To do
Exact copy, pictures excluded: please retype the lines from the start of the material through the line containing "Georgette A - Line Long Dress - Image 5", both ends included, and nothing more.

Stored data
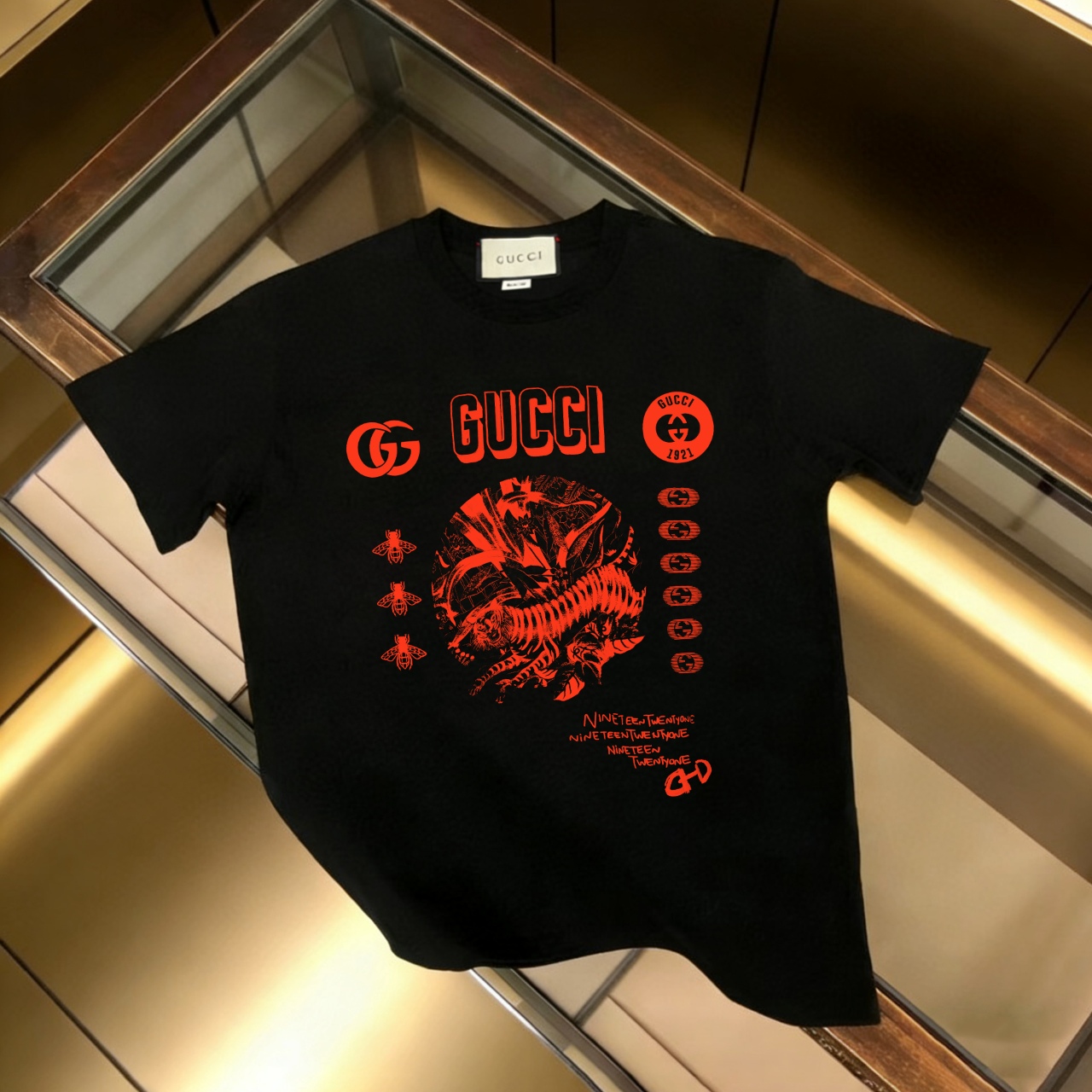 P90 no descontinuado, empuje con confianza GUCCI 古驰 nuevo modelo, tela mejorada, algodón puro 300g, camiseta de manga c…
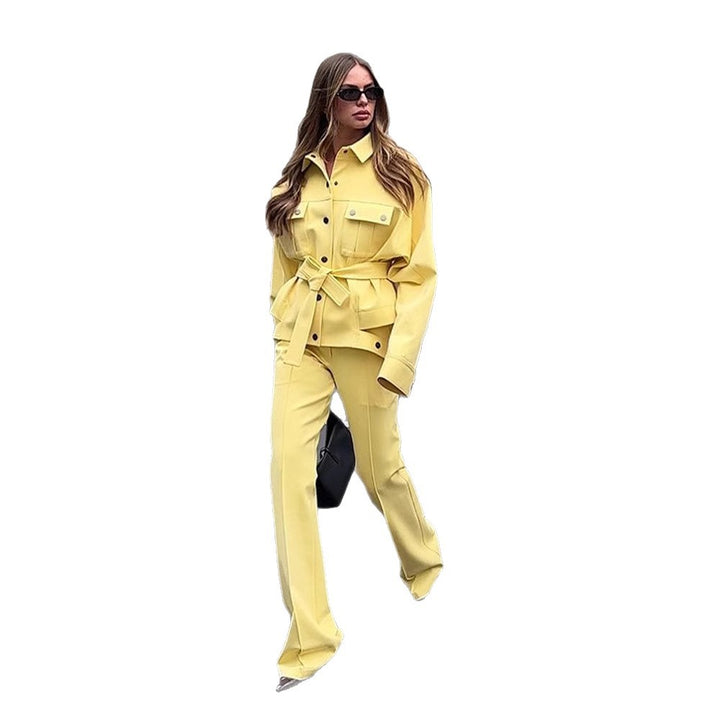 Damen Utility-Blazer mit Bindegürtel und hochtaillierter Bundhose Echoarchiv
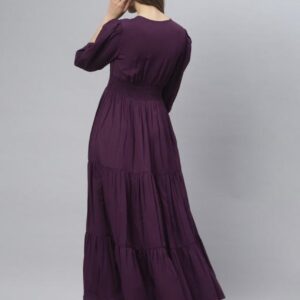 Georgette A - Line Long Dress - Image 5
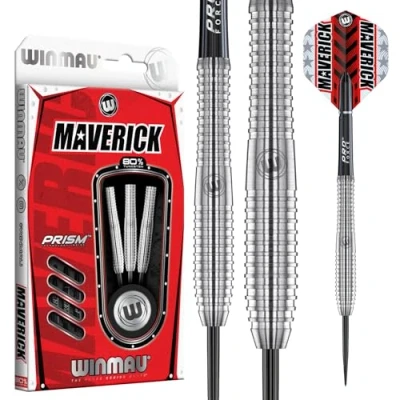 Immagine di WINMAU Maverick Set di Freccette in tungsteno Steeltip Professionale da 25 Grammi con Alette e steli (Alberi)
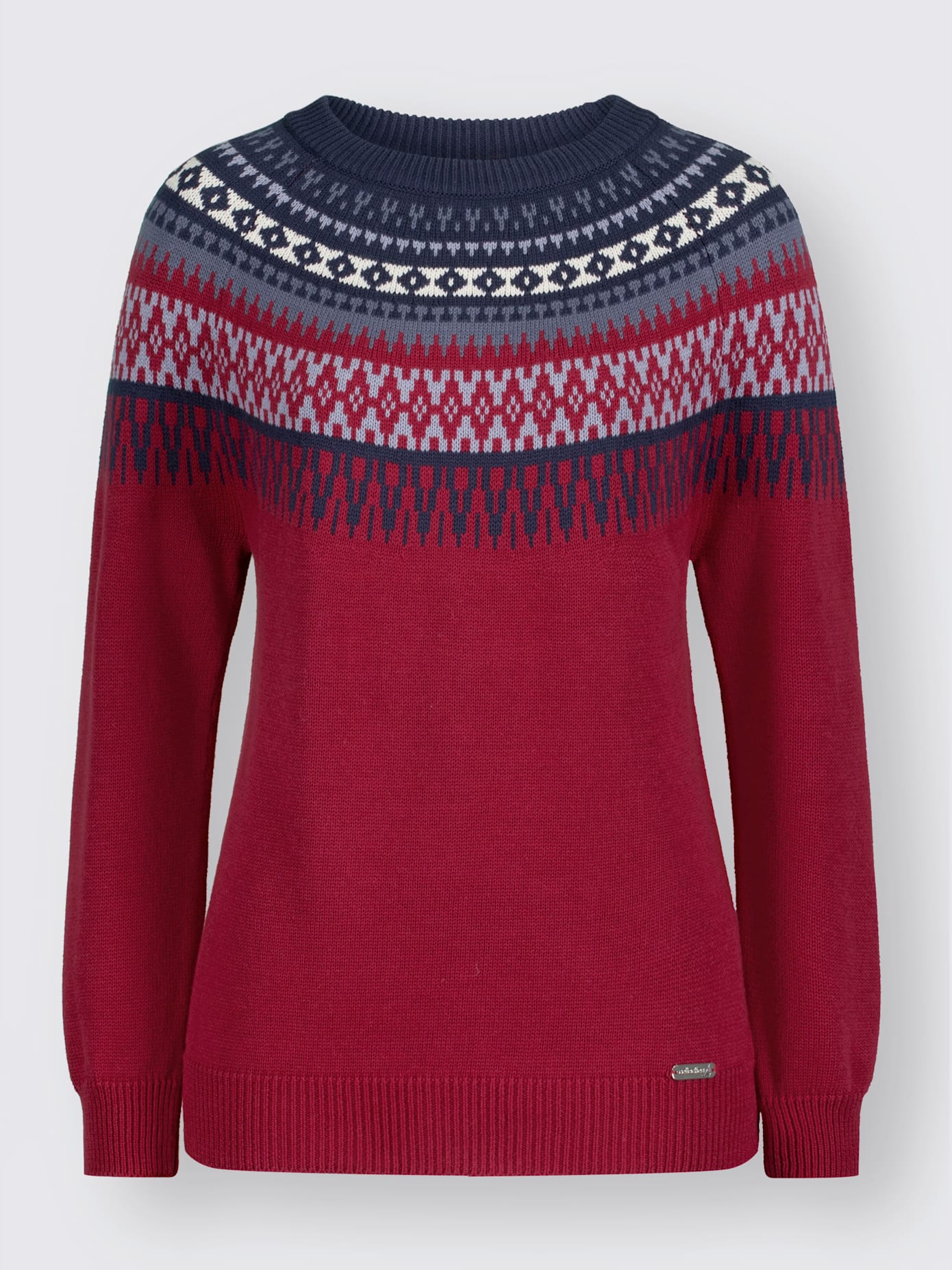 Pull en pur coton motif norvégien en jacquard col rond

Answer to this task
 P90 no descontinuado, empuje con confianza GUCCI 古驰 nuevo modelo, tela mejorada, algodón puro 300g, camiseta de manga c…
 Damen Utility-Blazer mit Bindegürtel und hochtaillierter Bundhose Echoarchiv
 Georgette A - Line Long Dress - Image 5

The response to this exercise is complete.